Overtime in Arlington
Love it

808 yards and 7 td & 0 int from both QB
TY Goodel for turning the NFL into the Arena football league

Goodell reminds me of two face from Batman each time I look at that fucker


----------



## The Liberal Media

Where is that dude who said Pitt was the #1 team in the NFL ??

Hell even my CRAPTASTIC Raiders  beat that POS team, and 2 of our wins came against KC !!!!


----------



## The Liberal Media

Biggest game of the season and the Giants look as bad as anything

Coughlin has multiple SB's but has to look at himself after this season
The team looked awesome a month ago when beating GB and now the 2 teams have gone in total opposite directions

He wont be fired, but lots of these guys have not taken the cigars out of their mouths from last year


----------



## Tommyboy

^ It's just a matter of the secondary being banged up (and Corey Webster sucking) and a few other minor things.  This isn't their year, oh well.  They are actually having a decent season considering how bad they really should be.  You can't do jack if your secondary is getting burned on every play.  And when you are behind and defenses know you are passing, it's a lot easier for them to defend.  

The games that they won they had their starting secondary playing.  You can't really blame a team for losing when they aren't playing with their starters.


----------



## The Liberal Media

A win in Washington for the Redskins wins the NFC east next week as Dallas lost today

Never thought I would say that at seasons start

Luck and RG3 Leading their teams to playoff games, what odds  could I have gotten on that ?

Giants are just sleepwalking now 33-7


----------



## The Liberal Media

Tommyboy said:


> ^ It's just a matter of the secondary being banged up (and Corey Webster sucking) and a few other minor things.  This isn't their year, oh well.  They are actually having a decent season considering how bad they really should be.  You can't do jack if your secondary is getting burned on every play.  *And when you are behind and defenses know you are passing, it's a lot easier for them to defend.
> *
> The games that they won they had their starting secondary playing.  You can't really blame a team for losing when they aren't playing with their starters.




Could not agree more 

Carson Palmer knows this


----------



## The Liberal Media

14-33

Well that was a royal spanking.
NYFG didnt even come to play and lost me a tonne of $$$

Fuck you Eli & Coughlin lol


----------



## alasdairm

breaking news: the #1 team in football misses playoffs!

alasdair


----------



## The Liberal Media

alasdairm said:


> breaking news: the #1 team in football misses playoffs!
> 
> alasdair


hardly breaking news as far as sports go 
Chelsea didnt make the knockout stages of the Champions league as defending champions

Its the system that is all wrong !!!

Its the cross teams have to bear as " defending champions" 

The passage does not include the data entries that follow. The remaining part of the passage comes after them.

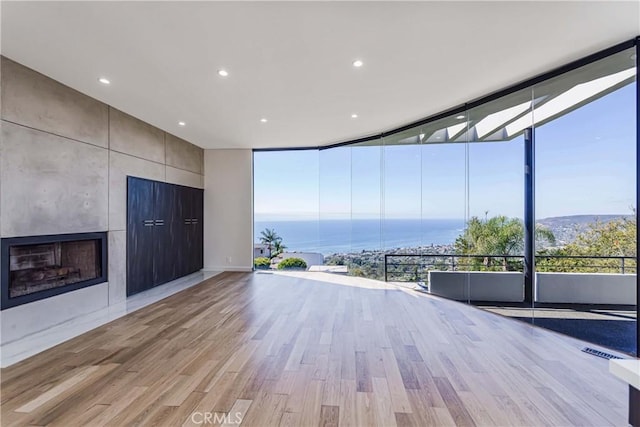 unfurnished living room with expansive windows, a water view, light wood-type flooring, and a fireplace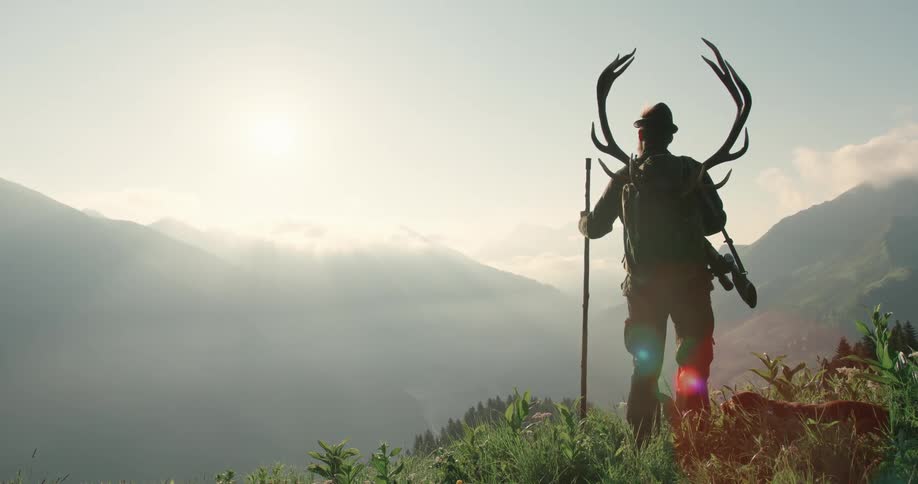 A man is hiking through the wilderness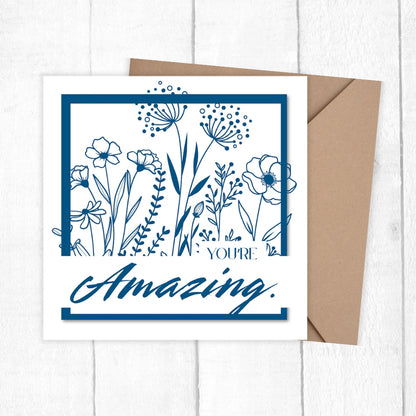 Greeting card with floral design and 'You're Amazing' text on a white background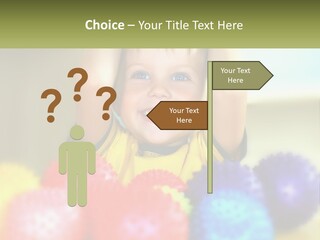 A Young Boy Is Holding His Head Above A Pile Of Balls PowerPoint Template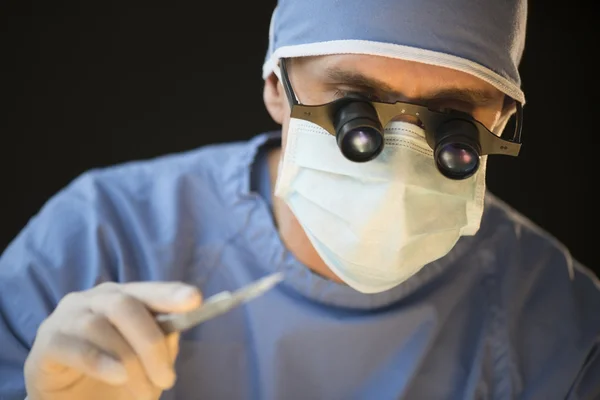 Cirujano usar máscara y lupa gafas celebración de bisturí — Foto de Stock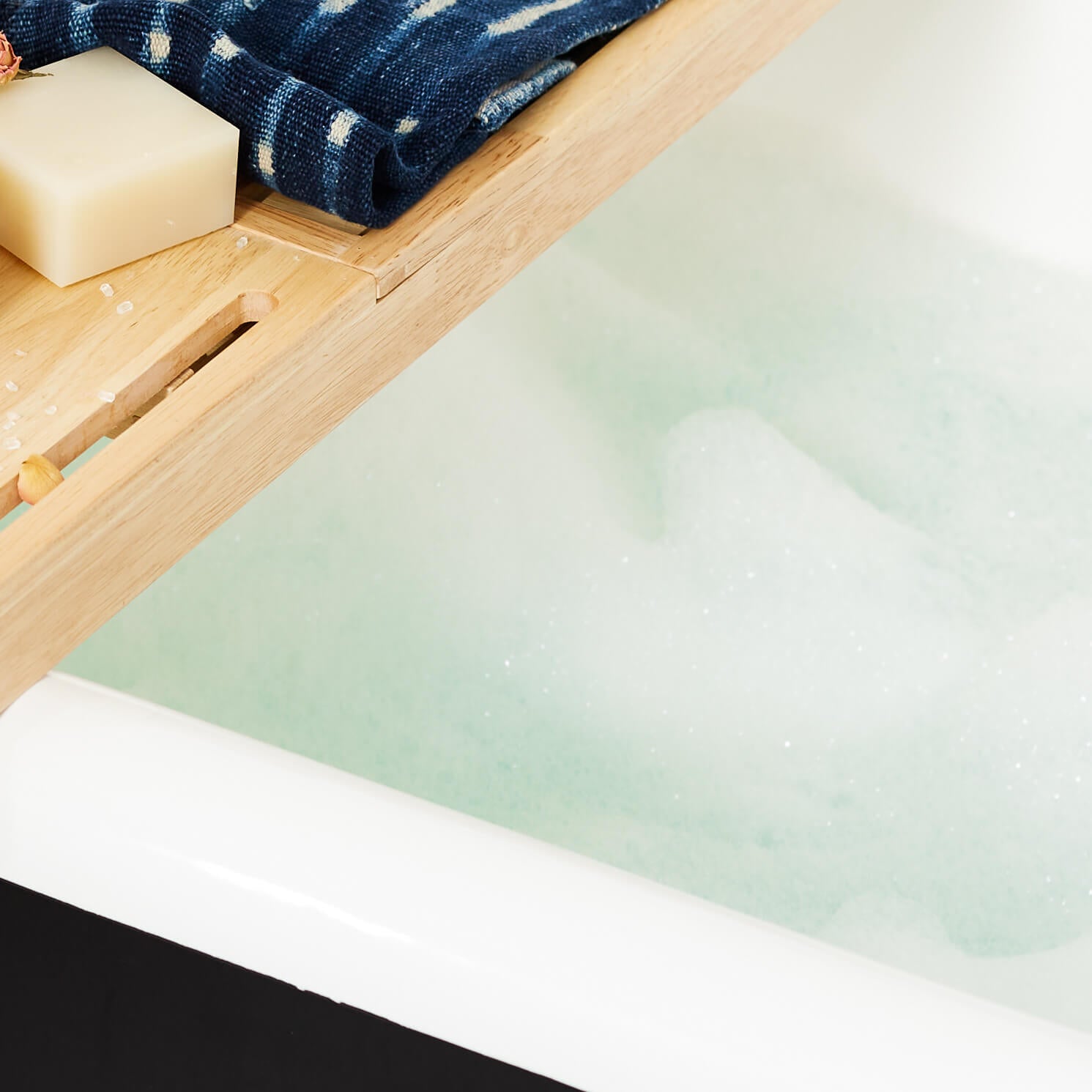 Bathing products, a towel and flowers on a board resting on a claw foot tub.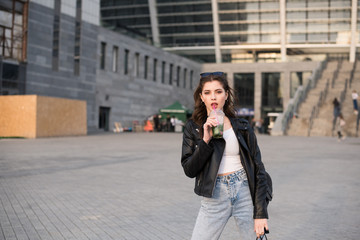 Portrait of european young beautiful smiling woman with dark straight hair in black leather jacket and blue jeans on city background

The Giants looked as good as anything when beating the Packers
Ironic that a month later it looks as if the Packers will be the team to beat
Texans as cold as ice now
Pats have major holes all over their defense
San Fran ..maybe but ditching Alex will bite them in the ass sooner or later
ATL ...erm well great team till they play Aaron Rodgers in a dome at home .. then its the usual meltdown from Matty Ice

Cant see anyone stopping the Packers
As I said before, the season starts about NOW

If anyone can see the Packers losing another game from now on , they are on some serious crack

Like I said before, you can quote this post
Green Bay will win the superbowl.
Fact !

JMHO


----------



## suburu

Pathetic effort from the Giants but we were rock solid all game. Great performance on all phases. Love when we wear the all black uniforms too, always seem to play well/nastier/better. Ed Reed will probably be getting suspended now for a clean hit on salsa boy. Embarrassing 


#1 team in football just earned a first round spot on their couch. Good job.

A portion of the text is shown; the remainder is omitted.